__Task goal__
Search the listing below for the line containing "Courbe de la". From there through the line containing "Combined cycle steam gas фото 72", transcribe every line exactly, both ends included.

__Information supplied__
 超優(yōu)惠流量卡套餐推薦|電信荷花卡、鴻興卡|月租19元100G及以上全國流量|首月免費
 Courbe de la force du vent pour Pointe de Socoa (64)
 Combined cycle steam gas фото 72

--

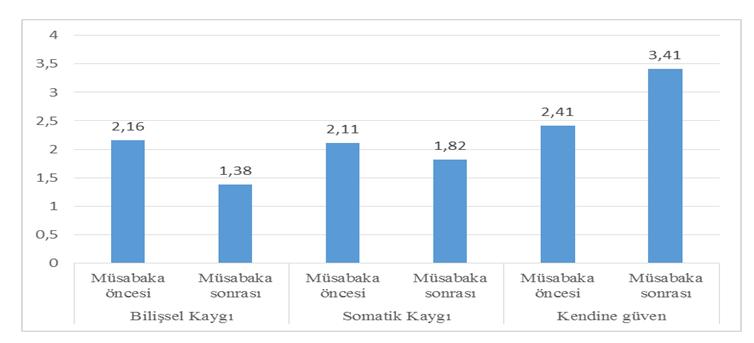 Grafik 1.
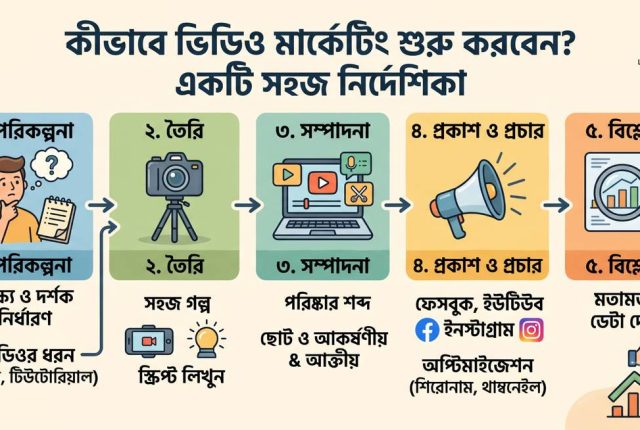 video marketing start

__Exercise response__
 Courbe de la force du vent pour Pointe de Socoa (64)
 Combined cycle steam gas фото 72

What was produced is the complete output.